- [INPUT RECORDS]

⁂

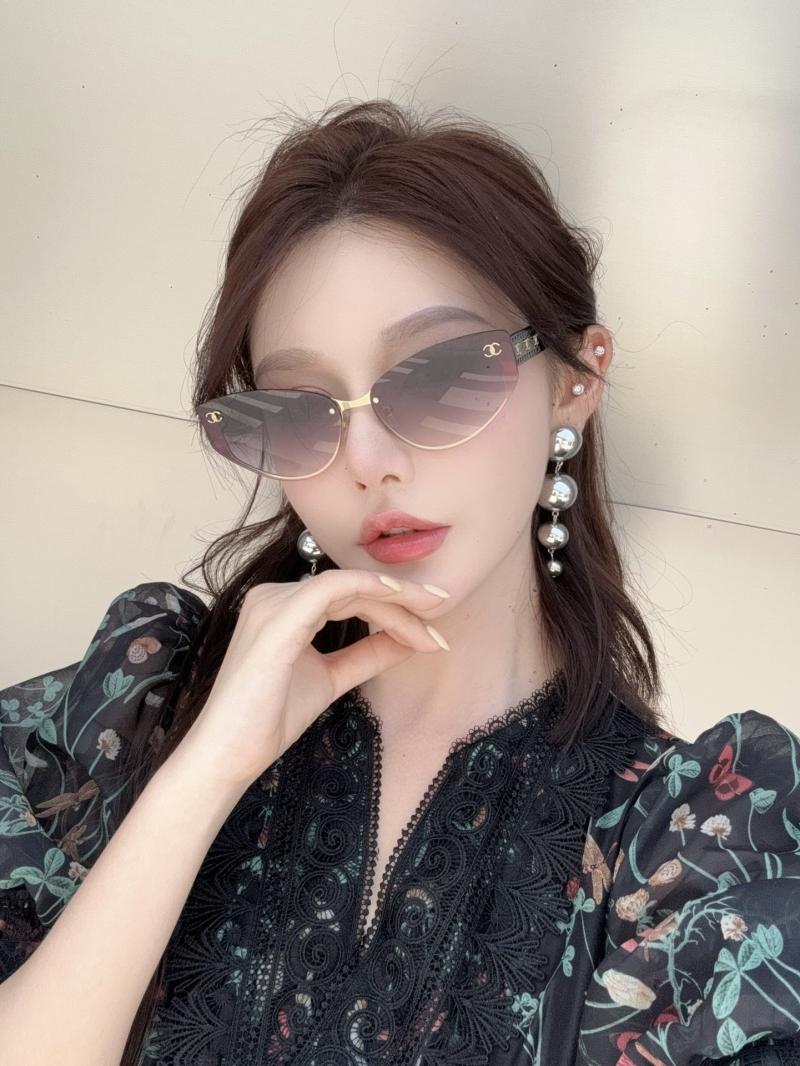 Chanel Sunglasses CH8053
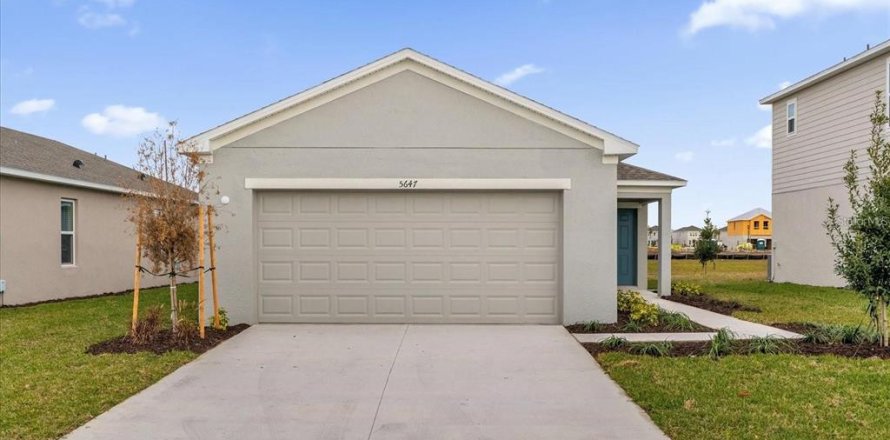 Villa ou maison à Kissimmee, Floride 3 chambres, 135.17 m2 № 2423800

⁂

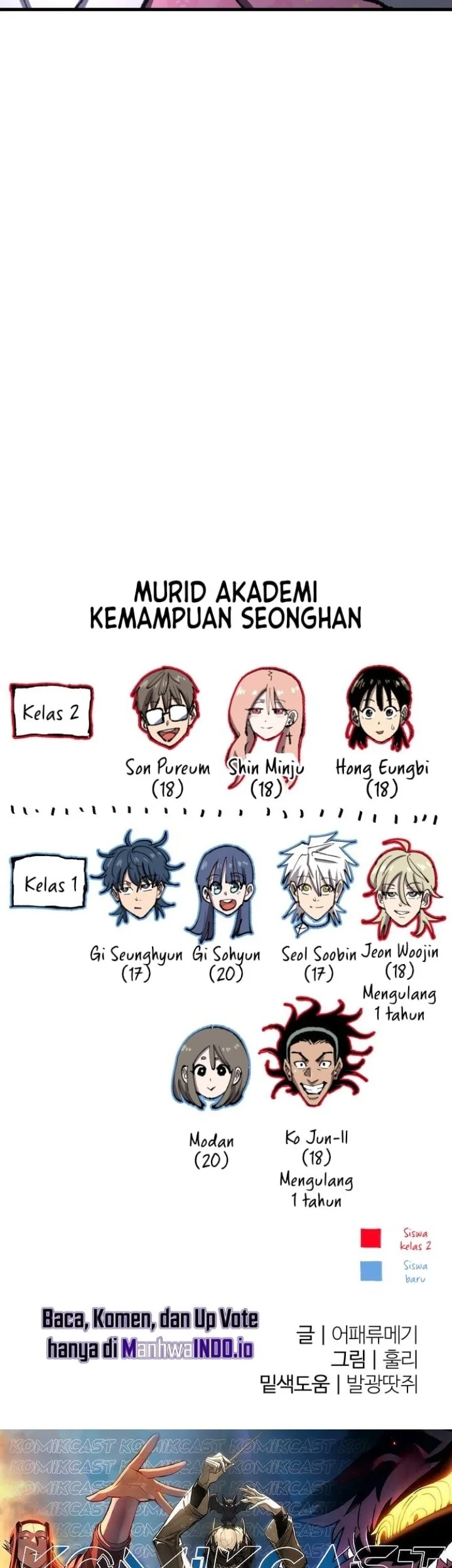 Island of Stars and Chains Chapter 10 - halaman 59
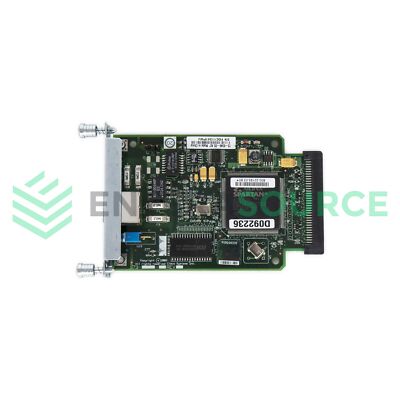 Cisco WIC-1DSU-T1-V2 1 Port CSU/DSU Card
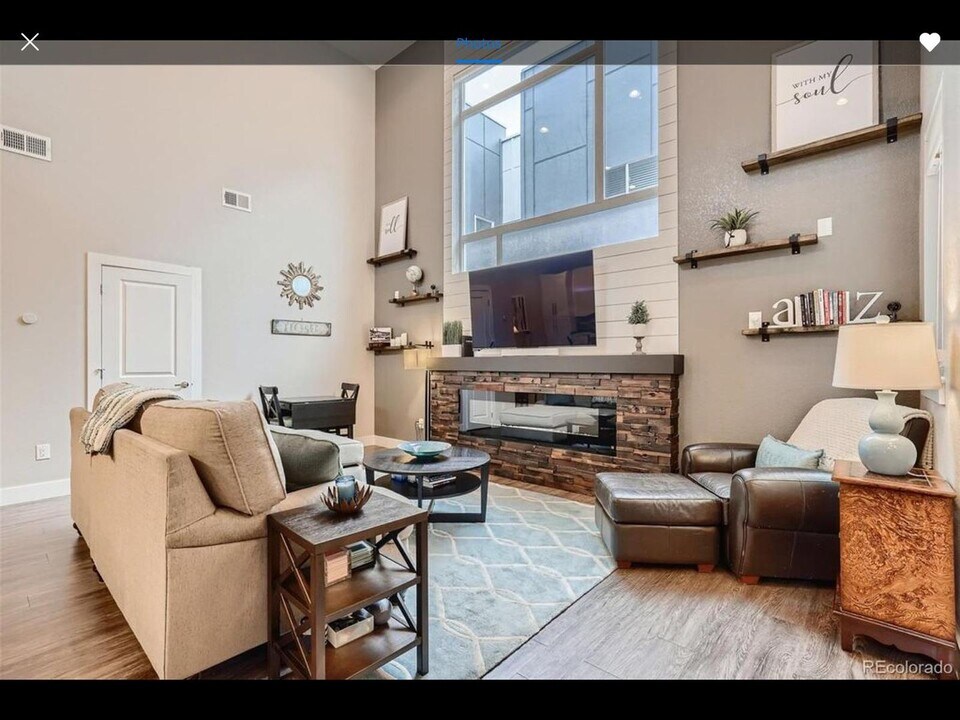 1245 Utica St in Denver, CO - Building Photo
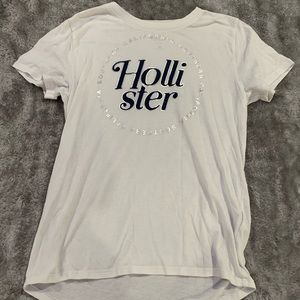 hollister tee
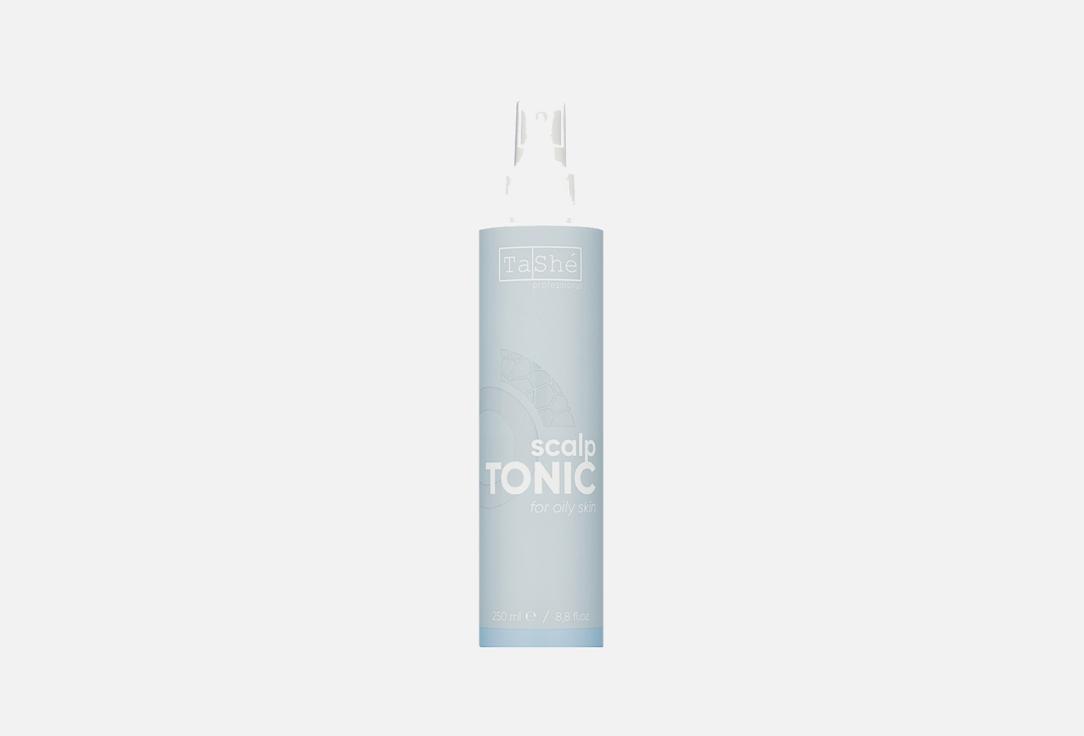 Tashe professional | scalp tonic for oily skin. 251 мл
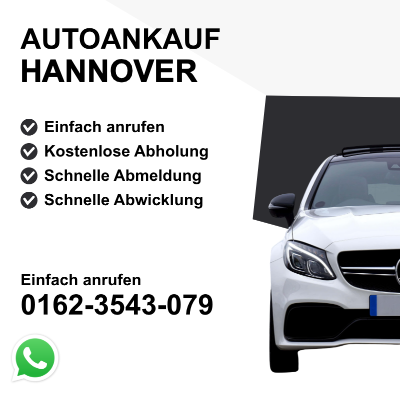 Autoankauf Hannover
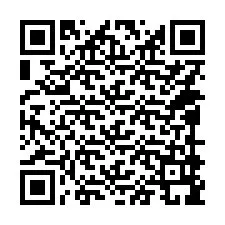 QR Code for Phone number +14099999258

⁂

- [GOAL OF THE EXERCISE]
Copy out the lines above from the line containing "Tashe professional |" through the line containing "QR Code for Phone number +14099999258", exactly, and keep the pictures out.

- [THE COMPLETED TASK]
 Tashe professional | scalp tonic for oily skin. 251 мл
 Autoankauf Hannover
 QR Code for Phone number +14099999258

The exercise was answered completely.